Data provided

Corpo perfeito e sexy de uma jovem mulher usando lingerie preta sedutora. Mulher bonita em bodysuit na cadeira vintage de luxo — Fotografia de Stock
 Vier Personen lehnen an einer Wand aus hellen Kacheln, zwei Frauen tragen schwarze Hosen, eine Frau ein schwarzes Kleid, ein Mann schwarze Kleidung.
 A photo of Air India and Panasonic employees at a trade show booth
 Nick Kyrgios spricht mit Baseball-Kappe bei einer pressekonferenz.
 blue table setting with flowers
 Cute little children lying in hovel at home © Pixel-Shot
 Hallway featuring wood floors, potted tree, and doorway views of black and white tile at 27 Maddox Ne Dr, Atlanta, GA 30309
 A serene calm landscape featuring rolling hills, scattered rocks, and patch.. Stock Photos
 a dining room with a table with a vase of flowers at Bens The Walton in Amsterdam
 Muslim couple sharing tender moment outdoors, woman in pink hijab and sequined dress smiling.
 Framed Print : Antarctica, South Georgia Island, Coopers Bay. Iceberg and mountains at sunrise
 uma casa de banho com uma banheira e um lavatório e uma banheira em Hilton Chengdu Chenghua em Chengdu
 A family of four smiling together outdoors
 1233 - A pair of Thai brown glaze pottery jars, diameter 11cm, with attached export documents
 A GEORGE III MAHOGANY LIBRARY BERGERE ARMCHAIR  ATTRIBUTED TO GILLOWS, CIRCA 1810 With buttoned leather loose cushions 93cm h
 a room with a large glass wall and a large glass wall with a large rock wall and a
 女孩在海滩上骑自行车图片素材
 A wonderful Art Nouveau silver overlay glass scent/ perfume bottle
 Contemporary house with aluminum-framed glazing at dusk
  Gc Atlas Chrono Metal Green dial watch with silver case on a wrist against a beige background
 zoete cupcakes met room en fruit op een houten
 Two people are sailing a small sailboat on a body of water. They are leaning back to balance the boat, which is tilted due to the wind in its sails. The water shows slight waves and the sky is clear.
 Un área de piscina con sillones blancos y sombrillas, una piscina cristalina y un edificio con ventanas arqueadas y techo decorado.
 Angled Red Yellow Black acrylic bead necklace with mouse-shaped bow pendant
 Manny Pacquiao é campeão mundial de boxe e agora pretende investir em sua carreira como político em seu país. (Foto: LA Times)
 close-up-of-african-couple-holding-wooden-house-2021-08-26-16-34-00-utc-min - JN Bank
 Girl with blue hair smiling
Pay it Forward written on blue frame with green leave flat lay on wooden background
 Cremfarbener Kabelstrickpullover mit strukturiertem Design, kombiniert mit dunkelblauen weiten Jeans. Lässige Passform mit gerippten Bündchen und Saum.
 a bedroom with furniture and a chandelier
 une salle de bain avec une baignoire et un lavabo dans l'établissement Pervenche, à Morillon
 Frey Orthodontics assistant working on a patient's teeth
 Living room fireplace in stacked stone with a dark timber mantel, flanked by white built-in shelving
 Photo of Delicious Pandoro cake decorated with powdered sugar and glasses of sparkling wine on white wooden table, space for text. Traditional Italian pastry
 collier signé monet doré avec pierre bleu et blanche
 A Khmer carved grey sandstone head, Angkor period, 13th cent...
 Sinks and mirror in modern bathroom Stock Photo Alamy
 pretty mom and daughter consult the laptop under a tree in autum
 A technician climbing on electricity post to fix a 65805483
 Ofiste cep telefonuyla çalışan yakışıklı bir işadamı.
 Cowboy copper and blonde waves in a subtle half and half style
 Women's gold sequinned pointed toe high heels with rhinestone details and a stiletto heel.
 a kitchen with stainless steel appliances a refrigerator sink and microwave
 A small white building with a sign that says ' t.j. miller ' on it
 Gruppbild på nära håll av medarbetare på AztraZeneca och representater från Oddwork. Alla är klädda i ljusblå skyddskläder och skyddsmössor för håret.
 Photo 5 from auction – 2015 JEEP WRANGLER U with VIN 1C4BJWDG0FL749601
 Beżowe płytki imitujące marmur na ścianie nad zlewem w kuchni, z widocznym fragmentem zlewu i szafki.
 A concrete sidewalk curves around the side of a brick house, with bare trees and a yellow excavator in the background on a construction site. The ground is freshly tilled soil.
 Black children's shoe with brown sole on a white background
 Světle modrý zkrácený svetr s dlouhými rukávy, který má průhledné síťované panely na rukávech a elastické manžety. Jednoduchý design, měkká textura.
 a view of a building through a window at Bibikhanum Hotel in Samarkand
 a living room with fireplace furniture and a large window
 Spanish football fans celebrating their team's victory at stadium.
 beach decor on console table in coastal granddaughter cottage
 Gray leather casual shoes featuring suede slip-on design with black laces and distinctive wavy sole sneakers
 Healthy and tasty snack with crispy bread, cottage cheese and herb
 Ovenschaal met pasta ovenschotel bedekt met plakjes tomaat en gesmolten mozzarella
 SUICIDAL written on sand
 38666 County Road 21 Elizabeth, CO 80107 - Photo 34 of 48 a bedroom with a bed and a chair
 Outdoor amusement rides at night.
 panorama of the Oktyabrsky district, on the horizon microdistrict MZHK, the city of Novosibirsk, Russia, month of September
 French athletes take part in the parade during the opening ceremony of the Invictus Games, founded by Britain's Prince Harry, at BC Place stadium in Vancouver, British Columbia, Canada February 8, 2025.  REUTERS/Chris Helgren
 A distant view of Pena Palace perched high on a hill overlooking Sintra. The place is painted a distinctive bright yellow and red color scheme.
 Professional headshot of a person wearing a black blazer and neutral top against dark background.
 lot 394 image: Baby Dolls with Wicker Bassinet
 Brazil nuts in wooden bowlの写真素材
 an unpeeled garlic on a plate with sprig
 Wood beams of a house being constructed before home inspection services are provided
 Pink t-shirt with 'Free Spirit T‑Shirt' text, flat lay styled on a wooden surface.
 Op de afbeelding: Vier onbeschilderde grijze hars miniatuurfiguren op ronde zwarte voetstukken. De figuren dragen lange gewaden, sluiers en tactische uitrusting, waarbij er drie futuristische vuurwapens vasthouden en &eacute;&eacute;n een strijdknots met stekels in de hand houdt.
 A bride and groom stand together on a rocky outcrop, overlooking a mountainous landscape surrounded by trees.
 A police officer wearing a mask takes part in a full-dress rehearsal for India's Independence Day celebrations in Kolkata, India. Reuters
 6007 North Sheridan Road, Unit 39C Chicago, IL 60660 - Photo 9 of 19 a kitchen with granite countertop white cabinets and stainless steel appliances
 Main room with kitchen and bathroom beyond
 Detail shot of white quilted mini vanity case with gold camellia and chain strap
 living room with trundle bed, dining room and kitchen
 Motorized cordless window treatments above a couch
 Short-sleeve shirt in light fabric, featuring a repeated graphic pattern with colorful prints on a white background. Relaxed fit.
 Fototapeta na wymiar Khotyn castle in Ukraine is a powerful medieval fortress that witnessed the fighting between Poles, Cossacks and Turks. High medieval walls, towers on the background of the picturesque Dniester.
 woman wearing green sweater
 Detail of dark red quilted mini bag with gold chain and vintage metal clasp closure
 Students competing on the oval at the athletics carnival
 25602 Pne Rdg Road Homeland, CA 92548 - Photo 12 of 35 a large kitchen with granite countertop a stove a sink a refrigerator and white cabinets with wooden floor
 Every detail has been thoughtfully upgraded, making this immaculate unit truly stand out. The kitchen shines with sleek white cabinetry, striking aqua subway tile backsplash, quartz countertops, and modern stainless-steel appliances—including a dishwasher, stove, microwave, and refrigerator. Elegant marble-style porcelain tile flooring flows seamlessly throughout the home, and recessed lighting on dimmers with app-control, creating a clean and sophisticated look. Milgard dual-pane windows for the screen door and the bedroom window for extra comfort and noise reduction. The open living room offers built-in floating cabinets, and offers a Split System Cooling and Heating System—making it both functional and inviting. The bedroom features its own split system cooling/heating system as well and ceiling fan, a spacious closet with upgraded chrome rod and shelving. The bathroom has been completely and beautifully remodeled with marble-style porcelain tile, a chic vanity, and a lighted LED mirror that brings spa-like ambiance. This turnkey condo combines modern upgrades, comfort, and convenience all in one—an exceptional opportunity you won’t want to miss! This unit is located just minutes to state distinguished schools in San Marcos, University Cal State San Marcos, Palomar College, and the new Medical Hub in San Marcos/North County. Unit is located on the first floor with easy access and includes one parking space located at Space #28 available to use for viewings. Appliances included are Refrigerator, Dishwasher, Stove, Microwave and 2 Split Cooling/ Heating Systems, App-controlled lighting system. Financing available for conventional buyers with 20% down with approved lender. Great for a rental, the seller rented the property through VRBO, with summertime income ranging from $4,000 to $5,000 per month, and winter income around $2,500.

Problem to work on
What you retype should run from the first line of the entries above through the line containing "Cute little children", exactly and in full.

Finished exercise
Corpo perfeito e sexy de uma jovem mulher usando lingerie preta sedutora. Mulher bonita em bodysuit na cadeira vintage de luxo — Fotografia de Stock
 Vier Personen lehnen an einer Wand aus hellen Kacheln, zwei Frauen tragen schwarze Hosen, eine Frau ein schwarzes Kleid, ein Mann schwarze Kleidung.
 A photo of Air India and Panasonic employees at a trade show booth
 Nick Kyrgios spricht mit Baseball-Kappe bei einer pressekonferenz.
 blue table setting with flowers
 Cute little children lying in hovel at home © Pixel-Shot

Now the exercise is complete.